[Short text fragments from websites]

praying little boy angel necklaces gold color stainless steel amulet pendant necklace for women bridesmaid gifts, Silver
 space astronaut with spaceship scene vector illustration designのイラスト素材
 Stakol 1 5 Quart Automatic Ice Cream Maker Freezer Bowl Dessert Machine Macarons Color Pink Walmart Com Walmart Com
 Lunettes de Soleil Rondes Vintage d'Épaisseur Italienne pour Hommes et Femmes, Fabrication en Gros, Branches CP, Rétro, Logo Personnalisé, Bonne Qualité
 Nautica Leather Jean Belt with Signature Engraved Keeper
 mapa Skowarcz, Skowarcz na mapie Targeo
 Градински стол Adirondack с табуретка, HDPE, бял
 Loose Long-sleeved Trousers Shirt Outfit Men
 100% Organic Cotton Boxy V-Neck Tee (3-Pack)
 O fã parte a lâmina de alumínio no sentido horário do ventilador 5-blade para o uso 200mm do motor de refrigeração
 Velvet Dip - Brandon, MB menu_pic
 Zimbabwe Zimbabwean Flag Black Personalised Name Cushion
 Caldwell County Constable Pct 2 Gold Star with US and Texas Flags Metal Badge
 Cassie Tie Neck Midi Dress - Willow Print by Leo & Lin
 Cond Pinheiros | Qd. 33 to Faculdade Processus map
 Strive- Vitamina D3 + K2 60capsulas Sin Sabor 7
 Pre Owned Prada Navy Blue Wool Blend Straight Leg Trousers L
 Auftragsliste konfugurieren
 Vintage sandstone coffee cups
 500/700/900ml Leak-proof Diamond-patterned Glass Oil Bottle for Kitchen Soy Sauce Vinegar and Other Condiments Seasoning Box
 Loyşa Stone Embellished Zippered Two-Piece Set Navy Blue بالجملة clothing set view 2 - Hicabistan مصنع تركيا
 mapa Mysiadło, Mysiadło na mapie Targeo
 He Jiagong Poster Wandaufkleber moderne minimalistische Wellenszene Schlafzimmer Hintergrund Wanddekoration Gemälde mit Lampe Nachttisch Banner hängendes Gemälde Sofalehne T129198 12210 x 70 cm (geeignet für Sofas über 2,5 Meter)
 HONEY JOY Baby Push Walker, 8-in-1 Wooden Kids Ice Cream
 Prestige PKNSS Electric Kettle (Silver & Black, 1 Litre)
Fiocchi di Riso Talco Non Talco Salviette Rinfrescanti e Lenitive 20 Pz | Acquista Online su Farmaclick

# YOUR GOAL:
Your answer should be the full set of records above, restated exactly.

# ANSWER SECTION:
praying little boy angel necklaces gold color stainless steel amulet pendant necklace for women bridesmaid gifts, Silver
 space astronaut with spaceship scene vector illustration designのイラスト素材
 Stakol 1 5 Quart Automatic Ice Cream Maker Freezer Bowl Dessert Machine Macarons Color Pink Walmart Com Walmart Com
 Lunettes de Soleil Rondes Vintage d'Épaisseur Italienne pour Hommes et Femmes, Fabrication en Gros, Branches CP, Rétro, Logo Personnalisé, Bonne Qualité
 Nautica Leather Jean Belt with Signature Engraved Keeper
 mapa Skowarcz, Skowarcz na mapie Targeo
 Градински стол Adirondack с табуретка, HDPE, бял
 Loose Long-sleeved Trousers Shirt Outfit Men
 100% Organic Cotton Boxy V-Neck Tee (3-Pack)
 O fã parte a lâmina de alumínio no sentido horário do ventilador 5-blade para o uso 200mm do motor de refrigeração
 Velvet Dip - Brandon, MB menu_pic
 Zimbabwe Zimbabwean Flag Black Personalised Name Cushion
 Caldwell County Constable Pct 2 Gold Star with US and Texas Flags Metal Badge
 Cassie Tie Neck Midi Dress - Willow Print by Leo & Lin
 Cond Pinheiros | Qd. 33 to Faculdade Processus map
 Strive- Vitamina D3 + K2 60capsulas Sin Sabor 7
 Pre Owned Prada Navy Blue Wool Blend Straight Leg Trousers L
 Auftragsliste konfugurieren
 Vintage sandstone coffee cups
 500/700/900ml Leak-proof Diamond-patterned Glass Oil Bottle for Kitchen Soy Sauce Vinegar and Other Condiments Seasoning Box
 Loyşa Stone Embellished Zippered Two-Piece Set Navy Blue بالجملة clothing set view 2 - Hicabistan مصنع تركيا
 mapa Mysiadło, Mysiadło na mapie Targeo
 He Jiagong Poster Wandaufkleber moderne minimalistische Wellenszene Schlafzimmer Hintergrund Wanddekoration Gemälde mit Lampe Nachttisch Banner hängendes Gemälde Sofalehne T129198 12210 x 70 cm (geeignet für Sofas über 2,5 Meter)
 HONEY JOY Baby Push Walker, 8-in-1 Wooden Kids Ice Cream
 Prestige PKNSS Electric Kettle (Silver & Black, 1 Litre)
Fiocchi di Riso Talco Non Talco Salviette Rinfrescanti e Lenitive 20 Pz | Acquista Online su Farmaclick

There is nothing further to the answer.